Problem description
Could you copy each line of the listing below that has the word "Mercedes"?
......
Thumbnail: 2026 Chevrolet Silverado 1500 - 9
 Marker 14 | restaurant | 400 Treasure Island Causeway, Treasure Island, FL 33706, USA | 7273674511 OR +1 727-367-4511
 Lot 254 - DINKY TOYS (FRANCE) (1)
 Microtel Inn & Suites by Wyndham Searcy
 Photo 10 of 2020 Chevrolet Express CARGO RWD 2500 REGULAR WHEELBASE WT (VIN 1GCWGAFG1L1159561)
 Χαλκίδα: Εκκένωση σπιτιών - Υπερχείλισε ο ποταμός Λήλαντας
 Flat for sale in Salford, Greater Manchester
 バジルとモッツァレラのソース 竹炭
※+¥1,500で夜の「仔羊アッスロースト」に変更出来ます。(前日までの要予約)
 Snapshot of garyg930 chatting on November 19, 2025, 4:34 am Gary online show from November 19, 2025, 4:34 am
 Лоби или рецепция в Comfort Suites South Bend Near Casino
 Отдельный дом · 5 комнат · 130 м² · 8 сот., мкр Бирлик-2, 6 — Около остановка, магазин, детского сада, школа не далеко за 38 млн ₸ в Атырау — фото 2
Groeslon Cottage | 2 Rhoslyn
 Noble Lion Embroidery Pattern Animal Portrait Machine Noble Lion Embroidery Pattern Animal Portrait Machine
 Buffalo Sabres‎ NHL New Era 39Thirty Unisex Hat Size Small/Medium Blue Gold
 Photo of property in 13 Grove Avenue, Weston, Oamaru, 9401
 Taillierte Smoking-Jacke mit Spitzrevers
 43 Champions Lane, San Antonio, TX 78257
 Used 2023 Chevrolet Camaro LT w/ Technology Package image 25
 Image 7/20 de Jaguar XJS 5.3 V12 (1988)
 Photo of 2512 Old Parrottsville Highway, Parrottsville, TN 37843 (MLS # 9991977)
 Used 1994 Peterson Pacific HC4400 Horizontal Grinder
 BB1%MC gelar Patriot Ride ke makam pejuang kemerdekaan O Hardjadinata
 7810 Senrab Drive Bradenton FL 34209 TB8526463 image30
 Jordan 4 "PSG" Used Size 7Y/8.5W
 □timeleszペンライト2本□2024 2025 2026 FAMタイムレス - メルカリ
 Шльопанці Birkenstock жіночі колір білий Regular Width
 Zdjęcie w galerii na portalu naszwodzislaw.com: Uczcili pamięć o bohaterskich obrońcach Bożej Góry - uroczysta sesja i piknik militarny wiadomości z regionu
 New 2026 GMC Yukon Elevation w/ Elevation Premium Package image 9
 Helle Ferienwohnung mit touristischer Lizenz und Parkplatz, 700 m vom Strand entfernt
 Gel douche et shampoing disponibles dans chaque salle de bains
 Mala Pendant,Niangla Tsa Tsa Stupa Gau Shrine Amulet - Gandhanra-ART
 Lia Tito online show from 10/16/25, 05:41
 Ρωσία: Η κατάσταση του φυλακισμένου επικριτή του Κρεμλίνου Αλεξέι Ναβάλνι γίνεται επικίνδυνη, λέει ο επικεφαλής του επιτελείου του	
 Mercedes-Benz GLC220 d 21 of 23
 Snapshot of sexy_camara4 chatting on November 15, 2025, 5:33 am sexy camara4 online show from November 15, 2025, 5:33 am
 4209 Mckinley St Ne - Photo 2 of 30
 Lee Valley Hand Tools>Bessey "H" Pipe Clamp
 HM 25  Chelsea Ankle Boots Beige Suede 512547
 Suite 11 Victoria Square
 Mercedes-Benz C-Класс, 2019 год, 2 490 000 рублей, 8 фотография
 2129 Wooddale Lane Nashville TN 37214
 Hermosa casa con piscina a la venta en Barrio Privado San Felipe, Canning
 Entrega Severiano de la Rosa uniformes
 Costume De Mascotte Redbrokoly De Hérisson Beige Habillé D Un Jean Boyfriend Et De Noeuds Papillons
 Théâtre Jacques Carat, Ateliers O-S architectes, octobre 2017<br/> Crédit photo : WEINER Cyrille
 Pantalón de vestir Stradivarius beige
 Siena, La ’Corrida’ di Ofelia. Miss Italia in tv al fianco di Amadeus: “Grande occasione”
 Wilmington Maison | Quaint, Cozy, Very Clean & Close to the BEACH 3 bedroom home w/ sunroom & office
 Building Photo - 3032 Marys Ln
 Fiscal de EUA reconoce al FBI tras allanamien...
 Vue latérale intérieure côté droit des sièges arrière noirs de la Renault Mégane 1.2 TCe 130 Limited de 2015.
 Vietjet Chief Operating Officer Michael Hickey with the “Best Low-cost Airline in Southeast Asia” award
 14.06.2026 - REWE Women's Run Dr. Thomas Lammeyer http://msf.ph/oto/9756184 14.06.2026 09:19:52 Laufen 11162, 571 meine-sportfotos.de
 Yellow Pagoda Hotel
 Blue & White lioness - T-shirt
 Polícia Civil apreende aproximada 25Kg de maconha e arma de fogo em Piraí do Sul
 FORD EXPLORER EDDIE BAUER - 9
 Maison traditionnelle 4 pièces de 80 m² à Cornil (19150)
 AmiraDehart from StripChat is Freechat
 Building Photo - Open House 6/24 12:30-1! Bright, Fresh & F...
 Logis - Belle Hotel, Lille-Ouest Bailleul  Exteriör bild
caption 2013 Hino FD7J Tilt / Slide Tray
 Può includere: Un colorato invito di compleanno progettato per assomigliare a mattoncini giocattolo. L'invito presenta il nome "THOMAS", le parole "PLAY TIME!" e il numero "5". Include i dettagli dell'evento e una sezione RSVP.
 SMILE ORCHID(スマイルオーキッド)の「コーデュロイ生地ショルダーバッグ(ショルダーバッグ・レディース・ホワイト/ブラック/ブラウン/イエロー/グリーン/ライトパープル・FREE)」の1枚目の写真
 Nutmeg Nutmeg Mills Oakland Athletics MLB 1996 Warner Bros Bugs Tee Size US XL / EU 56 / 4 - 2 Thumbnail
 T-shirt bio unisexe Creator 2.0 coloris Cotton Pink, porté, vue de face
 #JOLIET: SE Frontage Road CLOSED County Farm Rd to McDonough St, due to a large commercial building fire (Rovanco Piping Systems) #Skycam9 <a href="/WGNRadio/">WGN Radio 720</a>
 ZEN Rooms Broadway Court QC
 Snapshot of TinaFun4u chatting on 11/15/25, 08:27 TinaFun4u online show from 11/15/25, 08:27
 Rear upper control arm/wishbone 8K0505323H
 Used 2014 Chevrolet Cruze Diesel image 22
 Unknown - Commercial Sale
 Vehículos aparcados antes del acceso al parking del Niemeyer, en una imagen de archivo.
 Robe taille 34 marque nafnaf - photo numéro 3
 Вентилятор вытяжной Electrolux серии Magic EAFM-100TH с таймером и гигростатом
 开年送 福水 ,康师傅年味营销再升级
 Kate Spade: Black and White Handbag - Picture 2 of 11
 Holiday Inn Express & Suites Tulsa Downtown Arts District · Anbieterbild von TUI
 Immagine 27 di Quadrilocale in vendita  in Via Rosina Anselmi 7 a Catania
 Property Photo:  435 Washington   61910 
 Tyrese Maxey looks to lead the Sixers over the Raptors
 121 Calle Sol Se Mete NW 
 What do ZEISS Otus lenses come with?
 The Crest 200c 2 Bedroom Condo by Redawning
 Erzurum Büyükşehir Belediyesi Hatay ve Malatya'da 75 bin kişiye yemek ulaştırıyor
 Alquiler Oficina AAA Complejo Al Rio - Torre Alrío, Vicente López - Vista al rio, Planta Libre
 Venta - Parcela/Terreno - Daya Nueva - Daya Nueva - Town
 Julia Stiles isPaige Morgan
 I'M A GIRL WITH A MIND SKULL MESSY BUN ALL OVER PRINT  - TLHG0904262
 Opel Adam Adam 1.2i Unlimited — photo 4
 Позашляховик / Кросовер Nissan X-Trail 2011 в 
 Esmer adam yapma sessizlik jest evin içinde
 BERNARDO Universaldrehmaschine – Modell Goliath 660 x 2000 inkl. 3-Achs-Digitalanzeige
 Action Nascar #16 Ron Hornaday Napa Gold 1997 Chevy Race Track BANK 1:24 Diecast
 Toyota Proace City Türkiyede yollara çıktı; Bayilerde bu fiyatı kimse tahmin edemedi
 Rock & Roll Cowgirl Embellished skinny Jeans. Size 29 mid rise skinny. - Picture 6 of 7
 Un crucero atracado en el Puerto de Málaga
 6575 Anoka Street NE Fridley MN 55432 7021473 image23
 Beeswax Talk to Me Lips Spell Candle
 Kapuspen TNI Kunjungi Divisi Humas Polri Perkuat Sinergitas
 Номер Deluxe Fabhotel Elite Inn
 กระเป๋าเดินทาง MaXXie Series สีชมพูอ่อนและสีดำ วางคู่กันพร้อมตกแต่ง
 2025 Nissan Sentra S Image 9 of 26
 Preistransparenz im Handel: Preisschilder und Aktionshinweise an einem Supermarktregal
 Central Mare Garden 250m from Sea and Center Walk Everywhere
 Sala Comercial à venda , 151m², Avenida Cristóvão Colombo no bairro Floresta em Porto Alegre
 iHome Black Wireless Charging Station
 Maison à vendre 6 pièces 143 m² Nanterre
......
Answer space
 Mercedes-Benz GLC220 d 21 of 23
 Mercedes-Benz C-Класс, 2019 год, 2 490 000 рублей, 8 фотография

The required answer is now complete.